Directions: In the material below, find the line containing "亚冠上海上港0-4不敌悉尼fc,亚冠上海上港0-5输给全北现代" and output it and all lines after it exactly, through the last one, without the pictures.
Information shown START
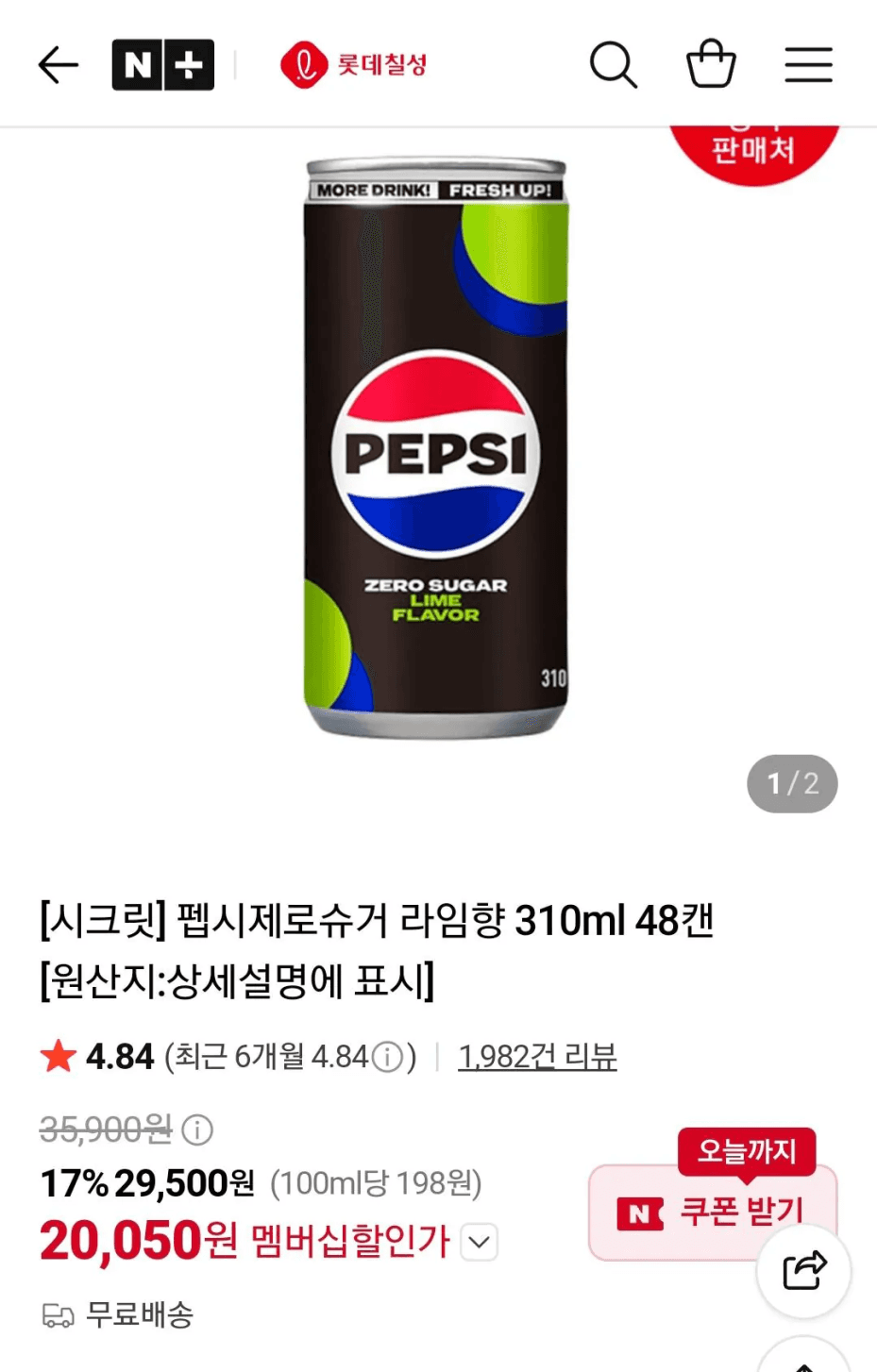 펩시 제로슈거 라임향 310ml 48캔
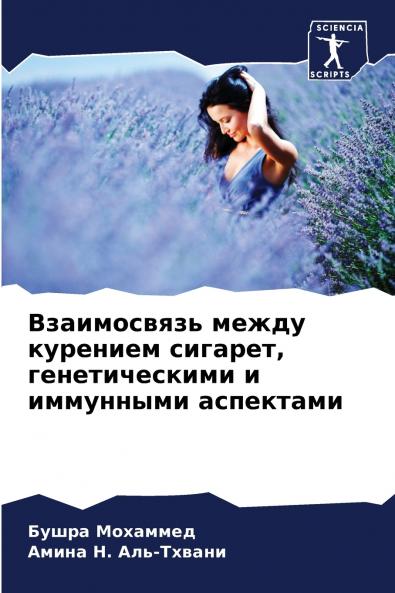 ??????????? ????? ???????? ??????? ????????????? ? ????????? ?????????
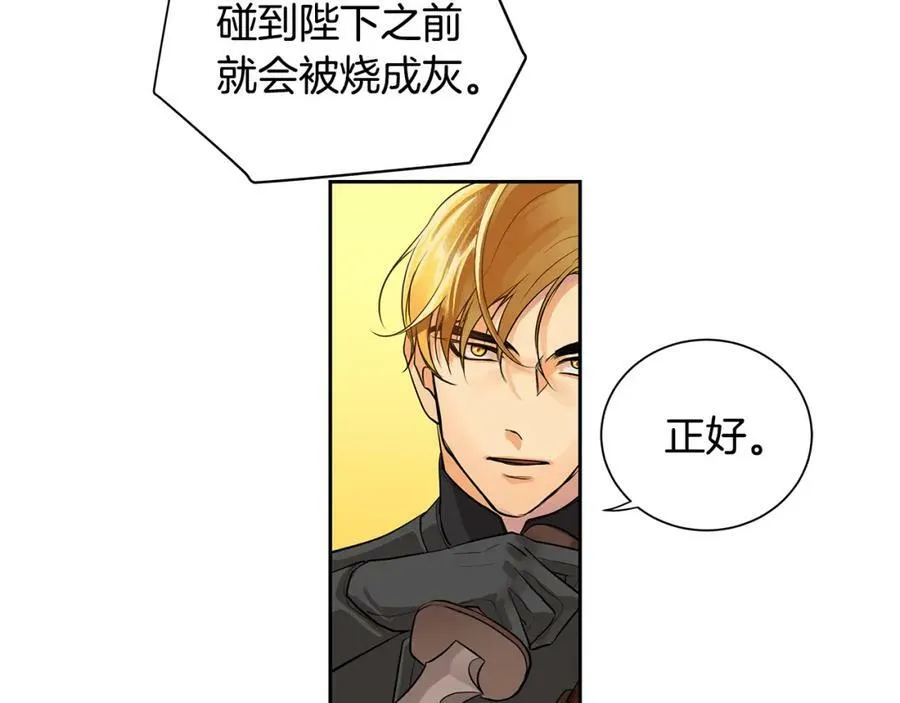 第36话 见证新王国的诞生 第106页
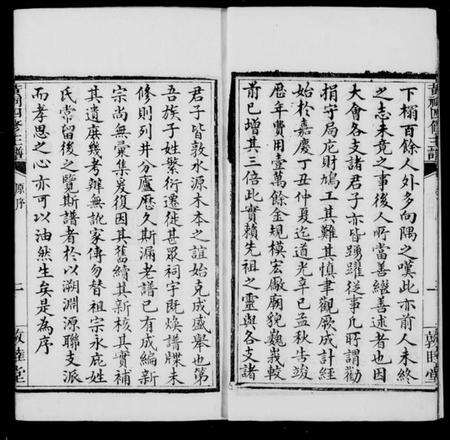 江西黄氏族谱-黄祠四修主谱.pdf电子版预览图3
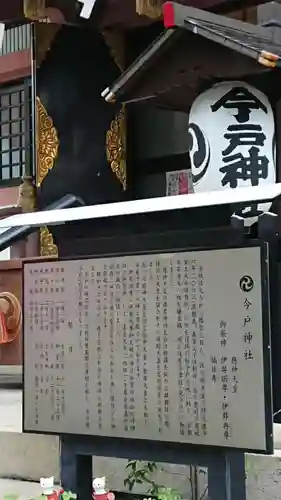 今戸神社の歴史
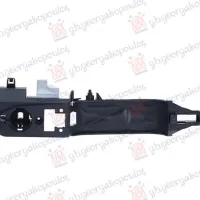 DOOR HANDLE FRONT OUTER (INNER BASE)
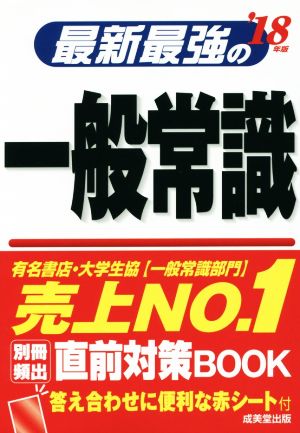 最新最強の一般常識('18年版)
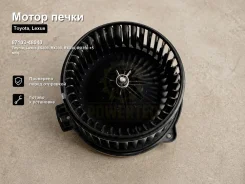 ����� ����� Toyota, Lexus Sienna, ES300, RX300, RX330, RX350, RX400H, Camry, ES330, Harrier 87103-48040 8710348040 ����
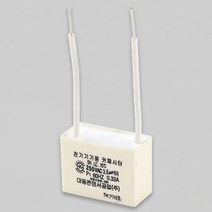 잔상 제거 콘덴서 커패시터 전기 기기용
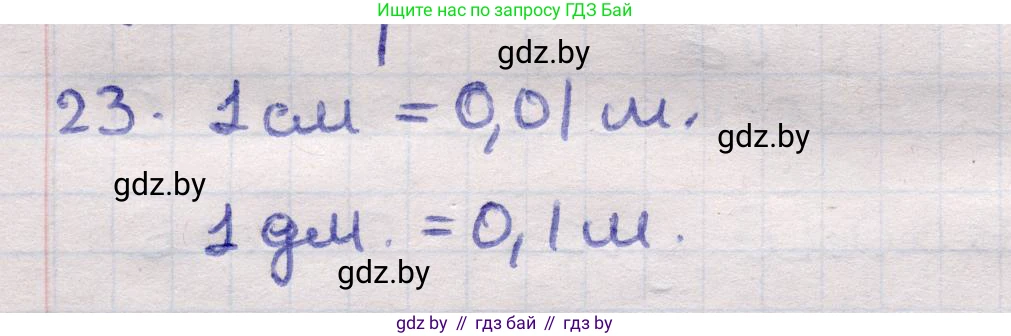 Геометрия, 11 класс Учебник, авторы: Латотин Леонид Александрович, Чеботаревский Борис Дмитриевич, Горбунова Ирина Владимировна, Цыбулько Оксана Евгеньевна, издательство Белорусская Энциклопедия имени Петруся Бровки, Минск, 2020, белого цвета, страница 166, номер 23, Решение 2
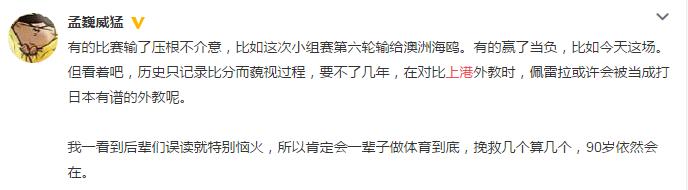 亚冠上海上港0-4不敌悉尼fc,亚冠上海上港0-5输给全北现代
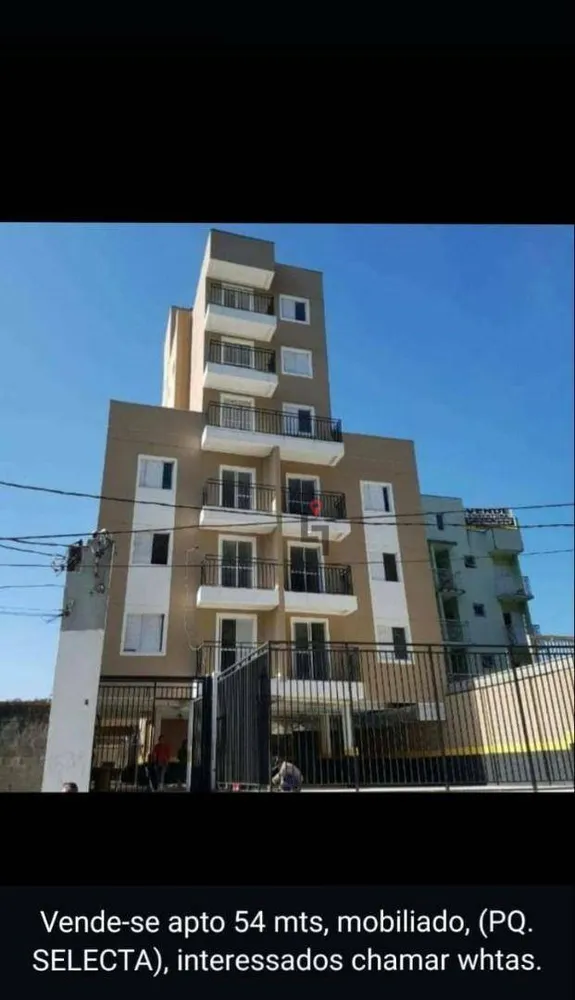 Apartamento, 2 quartos, 54 m² - Foto 4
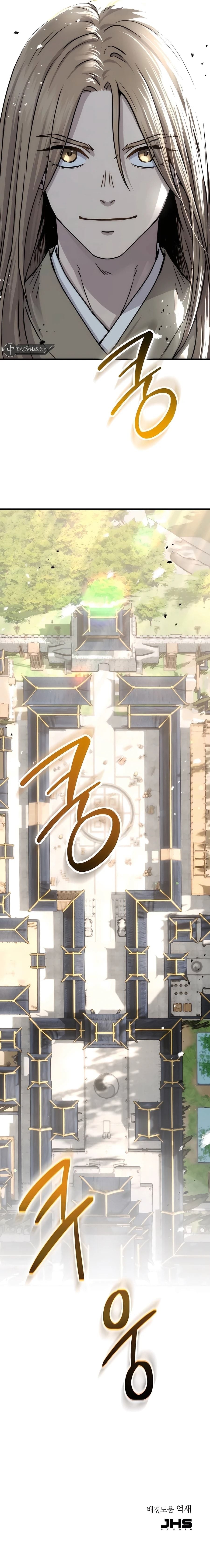 Absolute Dominion เหนือฟ้าใต้หล้าข้าคือผู้พิชิต ตอนที่ 21 หน้า 16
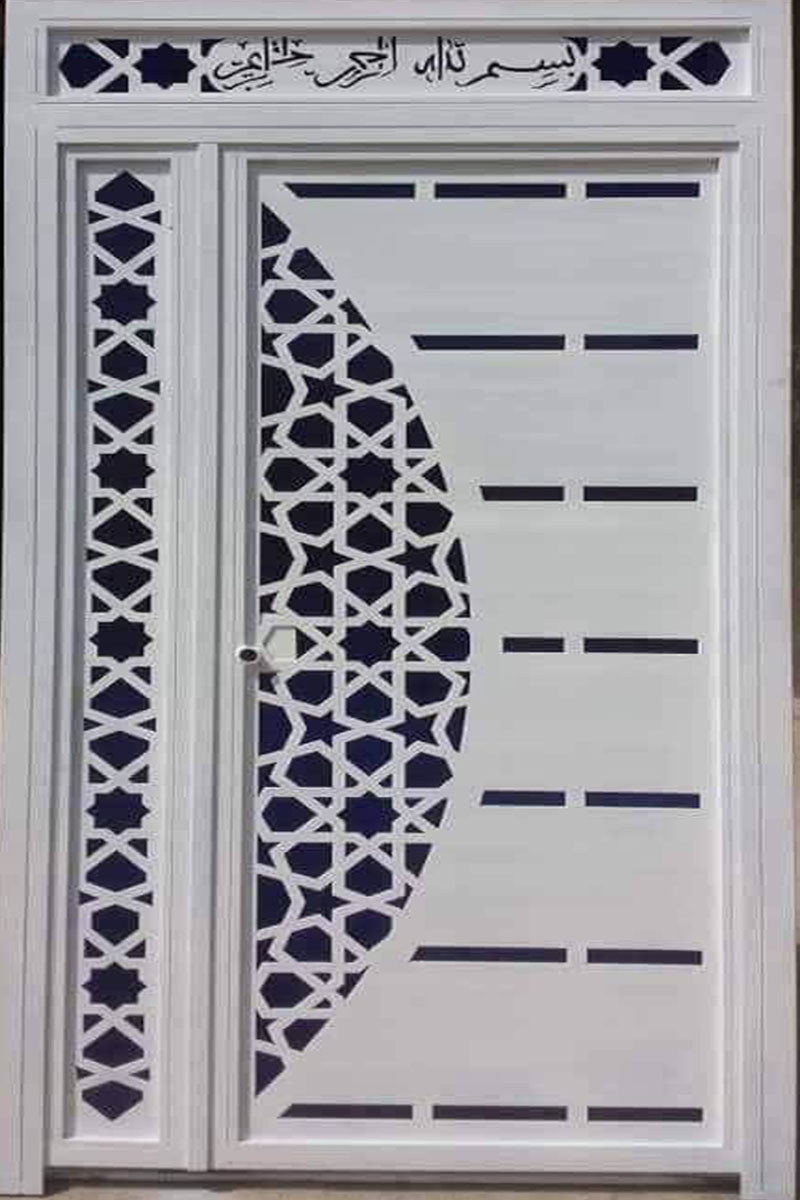 باب 5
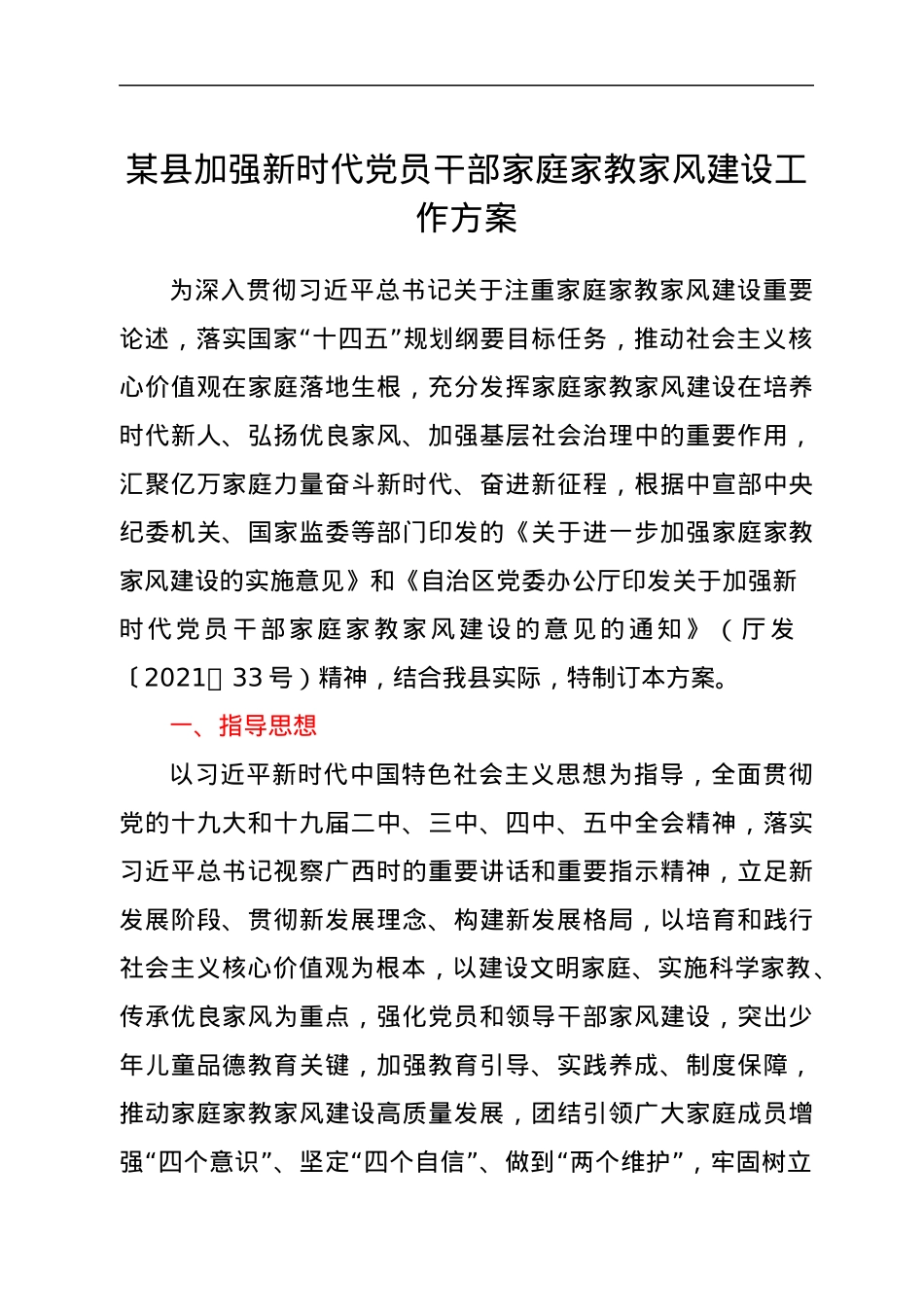 县加强新时代党员干部家庭家教家风建设工作方案.docx_第1页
Information shown END
Answer to this problem:
 亚冠上海上港0-4不敌悉尼fc,亚冠上海上港0-5输给全北现代
 Apartamento, 2 quartos, 54 m² - Foto 4
 Absolute Dominion เหนือฟ้าใต้หล้าข้าคือผู้พิชิต ตอนที่ 21 หน้า 16
 باب 5
 县加强新时代党员干部家庭家教家风建设工作方案.docx_第1页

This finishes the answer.